The Empire Midland and Lake Shore Rail Road was about to be re-born…
Early days and planning.
O scale:
Modifying the buildings to fit British O gauge.
The Engine Sheds start to take shape.
Scenery and the final buildings get added.
The harbour station…
The cement loaders in their heyday…
All of the engines were weathered to one degree or another…
Erm…something is not quite right here…Clearance testing!
The beginning of the end…
…the start of the new!
I hope you can find room to publish and I really wish I could send over more pics…I have hundreds.
Cheers
Martin
A little bit of North America in Coventry, UK.”
What an O scale layout 17×13!
I just love what Martin has done.
I love the back story, I love the narrative and the pics speak for themselves.
I can’t wait to see some more.
Please do leave a comment below.
It’s fab that no matter where you are in the world, your layout – your universe – can be anything you like it to be.
A bit of North America in Coventry, UK? No problem. That’s what this hobby is all about.
A huge big thanks to Martin.
Another O scale on the blog that really stands out for me is Tom’s O scale
Yale has been in touch with his HO scale layout 14×4 – he’s taking steps to make sure others enjoy the hard work they have put in over the years:
“Alastair there comes a time when we are no longer up to doing the things we enjoy.
I am now 85 and with the aches and pains that come with that age for some of us I can no longer maintain the Fairfield and Cheston Railroad.
I’ve enjoyed sending in photos of my progress over the years. I’ve also enjoyed drawing on the wisdom of others to help me with the challenges we often face as modelers.

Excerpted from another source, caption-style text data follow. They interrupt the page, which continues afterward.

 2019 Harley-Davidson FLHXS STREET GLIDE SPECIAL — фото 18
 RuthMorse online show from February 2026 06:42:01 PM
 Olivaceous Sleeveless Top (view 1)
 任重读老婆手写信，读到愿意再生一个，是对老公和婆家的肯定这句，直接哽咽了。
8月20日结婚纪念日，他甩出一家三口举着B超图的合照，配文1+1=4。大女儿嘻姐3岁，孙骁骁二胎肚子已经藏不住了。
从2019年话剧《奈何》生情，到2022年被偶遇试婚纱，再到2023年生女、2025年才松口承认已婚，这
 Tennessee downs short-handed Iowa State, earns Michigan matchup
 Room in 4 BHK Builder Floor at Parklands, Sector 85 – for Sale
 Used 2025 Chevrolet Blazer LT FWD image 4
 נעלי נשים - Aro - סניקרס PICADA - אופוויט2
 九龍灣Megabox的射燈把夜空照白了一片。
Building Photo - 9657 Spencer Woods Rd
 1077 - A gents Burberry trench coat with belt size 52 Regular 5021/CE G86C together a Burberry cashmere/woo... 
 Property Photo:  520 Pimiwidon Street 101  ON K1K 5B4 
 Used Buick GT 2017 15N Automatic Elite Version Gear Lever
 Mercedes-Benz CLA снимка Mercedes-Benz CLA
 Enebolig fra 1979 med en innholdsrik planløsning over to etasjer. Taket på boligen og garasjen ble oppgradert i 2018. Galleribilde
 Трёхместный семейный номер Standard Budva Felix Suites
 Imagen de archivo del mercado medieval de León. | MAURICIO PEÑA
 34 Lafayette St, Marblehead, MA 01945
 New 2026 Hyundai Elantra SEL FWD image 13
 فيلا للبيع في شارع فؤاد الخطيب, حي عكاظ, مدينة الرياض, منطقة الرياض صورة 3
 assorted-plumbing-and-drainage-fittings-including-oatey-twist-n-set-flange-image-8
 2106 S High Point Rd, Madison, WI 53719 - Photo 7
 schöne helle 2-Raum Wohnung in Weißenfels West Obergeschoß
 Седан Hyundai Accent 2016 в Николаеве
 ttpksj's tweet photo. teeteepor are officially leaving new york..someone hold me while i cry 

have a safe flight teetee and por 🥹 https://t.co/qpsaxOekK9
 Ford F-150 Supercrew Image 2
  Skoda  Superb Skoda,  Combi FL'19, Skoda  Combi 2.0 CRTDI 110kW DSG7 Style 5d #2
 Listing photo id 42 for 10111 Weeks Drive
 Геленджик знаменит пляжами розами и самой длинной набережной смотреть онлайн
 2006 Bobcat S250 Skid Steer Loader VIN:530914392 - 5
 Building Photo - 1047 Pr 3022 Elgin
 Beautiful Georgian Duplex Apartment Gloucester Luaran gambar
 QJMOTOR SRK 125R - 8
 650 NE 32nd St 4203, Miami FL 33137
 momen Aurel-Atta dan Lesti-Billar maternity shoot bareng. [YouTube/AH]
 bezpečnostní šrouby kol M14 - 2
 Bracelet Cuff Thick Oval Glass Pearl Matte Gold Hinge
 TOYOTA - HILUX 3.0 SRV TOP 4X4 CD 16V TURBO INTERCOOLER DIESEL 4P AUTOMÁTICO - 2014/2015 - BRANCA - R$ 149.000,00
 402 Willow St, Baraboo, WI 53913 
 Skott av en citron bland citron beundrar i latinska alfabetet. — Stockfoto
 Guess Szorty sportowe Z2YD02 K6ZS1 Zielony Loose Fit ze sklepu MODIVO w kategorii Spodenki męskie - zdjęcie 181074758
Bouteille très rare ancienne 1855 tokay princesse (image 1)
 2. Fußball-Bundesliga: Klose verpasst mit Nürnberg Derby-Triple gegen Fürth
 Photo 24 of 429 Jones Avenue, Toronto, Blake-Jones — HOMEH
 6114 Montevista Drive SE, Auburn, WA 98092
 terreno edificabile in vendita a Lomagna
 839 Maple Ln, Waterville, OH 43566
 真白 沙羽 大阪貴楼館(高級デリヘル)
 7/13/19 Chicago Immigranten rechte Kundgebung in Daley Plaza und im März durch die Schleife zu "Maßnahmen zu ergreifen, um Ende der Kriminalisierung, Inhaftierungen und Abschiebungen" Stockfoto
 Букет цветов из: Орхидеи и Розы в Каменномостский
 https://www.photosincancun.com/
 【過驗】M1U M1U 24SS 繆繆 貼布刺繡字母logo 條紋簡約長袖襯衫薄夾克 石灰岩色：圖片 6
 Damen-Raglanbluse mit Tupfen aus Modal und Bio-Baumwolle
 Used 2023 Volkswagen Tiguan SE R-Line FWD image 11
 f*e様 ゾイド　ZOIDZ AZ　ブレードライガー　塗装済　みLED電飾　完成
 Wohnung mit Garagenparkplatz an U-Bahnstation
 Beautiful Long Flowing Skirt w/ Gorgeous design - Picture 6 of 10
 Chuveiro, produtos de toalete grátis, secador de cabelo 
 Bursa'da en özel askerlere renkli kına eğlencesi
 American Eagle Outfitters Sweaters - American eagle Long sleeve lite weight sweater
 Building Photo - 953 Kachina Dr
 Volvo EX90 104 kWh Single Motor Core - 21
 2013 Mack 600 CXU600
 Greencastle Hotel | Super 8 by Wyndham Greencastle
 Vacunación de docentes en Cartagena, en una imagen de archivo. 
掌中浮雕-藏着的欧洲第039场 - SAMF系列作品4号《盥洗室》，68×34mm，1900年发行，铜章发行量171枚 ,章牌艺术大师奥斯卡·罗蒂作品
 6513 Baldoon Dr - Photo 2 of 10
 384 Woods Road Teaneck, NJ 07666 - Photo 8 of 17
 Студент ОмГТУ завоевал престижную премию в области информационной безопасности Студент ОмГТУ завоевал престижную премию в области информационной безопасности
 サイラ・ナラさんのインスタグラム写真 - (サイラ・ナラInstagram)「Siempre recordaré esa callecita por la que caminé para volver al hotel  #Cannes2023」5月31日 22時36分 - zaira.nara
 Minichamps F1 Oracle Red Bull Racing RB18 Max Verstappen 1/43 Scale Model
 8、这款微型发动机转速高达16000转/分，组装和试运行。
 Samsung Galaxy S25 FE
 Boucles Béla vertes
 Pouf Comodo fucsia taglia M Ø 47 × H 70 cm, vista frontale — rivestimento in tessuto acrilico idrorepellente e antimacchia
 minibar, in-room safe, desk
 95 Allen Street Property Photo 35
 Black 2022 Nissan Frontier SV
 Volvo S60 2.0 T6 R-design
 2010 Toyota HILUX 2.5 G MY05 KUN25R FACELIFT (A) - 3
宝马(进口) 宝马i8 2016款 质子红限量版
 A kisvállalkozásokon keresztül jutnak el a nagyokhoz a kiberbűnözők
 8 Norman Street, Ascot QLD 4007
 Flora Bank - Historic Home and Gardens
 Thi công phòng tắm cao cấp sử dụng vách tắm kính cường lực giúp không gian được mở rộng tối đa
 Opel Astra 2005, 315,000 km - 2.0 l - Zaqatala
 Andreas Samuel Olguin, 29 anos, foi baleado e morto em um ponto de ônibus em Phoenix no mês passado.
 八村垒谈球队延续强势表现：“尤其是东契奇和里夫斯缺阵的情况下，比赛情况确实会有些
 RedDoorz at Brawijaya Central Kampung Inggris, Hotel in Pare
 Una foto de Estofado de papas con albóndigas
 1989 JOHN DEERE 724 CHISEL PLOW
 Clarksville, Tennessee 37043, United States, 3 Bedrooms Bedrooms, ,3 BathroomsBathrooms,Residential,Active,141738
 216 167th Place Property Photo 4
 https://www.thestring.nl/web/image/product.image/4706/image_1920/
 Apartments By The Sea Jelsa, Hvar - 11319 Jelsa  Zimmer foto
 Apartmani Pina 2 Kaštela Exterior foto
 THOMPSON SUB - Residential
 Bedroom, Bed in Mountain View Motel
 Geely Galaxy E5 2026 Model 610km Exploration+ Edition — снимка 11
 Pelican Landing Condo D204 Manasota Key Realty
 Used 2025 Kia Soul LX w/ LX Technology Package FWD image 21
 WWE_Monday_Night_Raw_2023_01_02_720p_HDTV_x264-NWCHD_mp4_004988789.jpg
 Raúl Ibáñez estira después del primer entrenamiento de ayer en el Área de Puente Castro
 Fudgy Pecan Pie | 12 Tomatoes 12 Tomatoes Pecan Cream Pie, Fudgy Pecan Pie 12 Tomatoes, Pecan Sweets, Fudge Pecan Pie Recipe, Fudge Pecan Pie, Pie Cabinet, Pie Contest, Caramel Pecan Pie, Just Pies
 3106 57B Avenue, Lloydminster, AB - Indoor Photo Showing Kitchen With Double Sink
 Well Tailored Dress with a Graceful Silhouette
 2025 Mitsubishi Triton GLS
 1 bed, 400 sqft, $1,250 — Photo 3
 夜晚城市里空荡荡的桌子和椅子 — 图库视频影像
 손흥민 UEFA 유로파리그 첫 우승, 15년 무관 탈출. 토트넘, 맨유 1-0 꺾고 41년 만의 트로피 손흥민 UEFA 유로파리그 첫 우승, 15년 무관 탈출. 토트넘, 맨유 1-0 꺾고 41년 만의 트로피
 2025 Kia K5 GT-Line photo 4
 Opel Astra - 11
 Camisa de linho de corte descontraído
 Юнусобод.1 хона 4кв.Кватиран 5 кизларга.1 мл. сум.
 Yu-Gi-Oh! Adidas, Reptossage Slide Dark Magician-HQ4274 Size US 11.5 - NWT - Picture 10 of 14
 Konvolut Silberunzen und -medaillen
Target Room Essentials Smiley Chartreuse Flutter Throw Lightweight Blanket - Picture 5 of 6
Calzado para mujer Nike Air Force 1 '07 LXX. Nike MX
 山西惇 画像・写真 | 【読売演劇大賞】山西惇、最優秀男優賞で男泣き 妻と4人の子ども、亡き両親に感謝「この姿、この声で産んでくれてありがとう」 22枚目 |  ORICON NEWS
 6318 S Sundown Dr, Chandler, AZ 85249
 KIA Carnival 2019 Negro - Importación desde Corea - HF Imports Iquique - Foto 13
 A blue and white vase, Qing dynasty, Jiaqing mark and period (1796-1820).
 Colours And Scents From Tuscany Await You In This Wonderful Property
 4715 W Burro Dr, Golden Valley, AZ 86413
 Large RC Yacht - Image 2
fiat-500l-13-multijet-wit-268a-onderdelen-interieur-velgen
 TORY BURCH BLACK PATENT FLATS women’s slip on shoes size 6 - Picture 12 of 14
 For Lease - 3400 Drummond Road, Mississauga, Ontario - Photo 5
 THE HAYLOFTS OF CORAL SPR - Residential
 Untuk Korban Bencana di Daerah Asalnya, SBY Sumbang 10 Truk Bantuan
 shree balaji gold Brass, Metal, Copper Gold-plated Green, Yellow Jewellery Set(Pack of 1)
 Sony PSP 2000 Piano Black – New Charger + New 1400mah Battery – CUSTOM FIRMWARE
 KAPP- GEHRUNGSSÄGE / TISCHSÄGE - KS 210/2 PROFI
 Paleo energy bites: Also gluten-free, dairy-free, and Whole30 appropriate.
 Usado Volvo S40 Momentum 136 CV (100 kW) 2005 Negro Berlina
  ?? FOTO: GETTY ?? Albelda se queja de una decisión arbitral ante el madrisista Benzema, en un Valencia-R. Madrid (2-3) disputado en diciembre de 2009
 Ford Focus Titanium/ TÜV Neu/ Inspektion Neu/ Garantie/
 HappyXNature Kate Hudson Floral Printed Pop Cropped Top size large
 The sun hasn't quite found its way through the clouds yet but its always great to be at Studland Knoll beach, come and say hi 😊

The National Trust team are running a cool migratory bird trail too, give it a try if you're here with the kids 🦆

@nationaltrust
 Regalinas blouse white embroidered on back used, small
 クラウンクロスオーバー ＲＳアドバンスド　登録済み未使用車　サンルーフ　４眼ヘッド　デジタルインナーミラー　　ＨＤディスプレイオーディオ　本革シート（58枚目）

So the question I was faced with was who would get my layout. Checked with family and friends and had no interest.
If I left it until I passed I had no doubt it would be dumped. I didn’t want 20 years worth of work by my wife and I, as well as thousands of dollars to go down in the trash.
I found that the Cape Fear Model Railroad Club was willing to take the entire layout. They have a store at Independence Shoping Mall in Wilmington, NC.
They are going to put it on display at the Club’s entrance. It will be seen by far more people than in the train room of my house. I am looking at the best way to dismantle it.
It is 14 feet long by 4 feet wide. It is fully digital with four DCC Locomotives. It is modeled after a real place, Fairfield and Gettysburg, Pennsylvania in the late 1950s and early 1960s. I’ve included a couple of photos to show the details we’ve included in our work.
I am documenting everything that they need to know. I have volunteered to supervise the rehoming project. Thought I would share this with your readers in the event others reach this stage in their lives.
Yale”
Now on to Dan – who’s sent in another missive on his layout:
“In the post of the Lowell Junction Local, I showed the lower staging and return track. I used a mountain to cover the loop.
The gravel pit covers the Boston return loop. I just thought that two mountains was a little too much. So I made the loop a gravel pit. It is probably a foot or so deep.
Location of the gravel pit to be. You can see the Lowell Loop and the Boston Loop which are at opposite ends of the layout.
Placement of the processing plant.
The Gravel Local at work. The empties are brought up from Boston and the loads must be weighed and then sent to Winchester for sorting. Some of the gravel goes to Bag-O-Crete and some goes to the Big Dig in Boston. We usually have the beginning operators start with this local.
The pit.
View for below the pit.
Dan”
Now on to Scott:
“Alastair: thank you for the great site you run for all of us aging train nuts.
The last time I posted pics of our DCC HO layout some of the comments asked where the trains were so here us a video with new Aethern Lehigh Valley loco.
My wife and I fall in the scenery over train running camp but the people who live on the layout insist that the trains run on time.
A big thanks to Scott – I really enjoyed the video. It’s also a really good example of how making that start is everything – here’s how Scott’s layout began:
And thanks to Yale for sharing his HO scale layout 14×4, and to Dan and Yale too.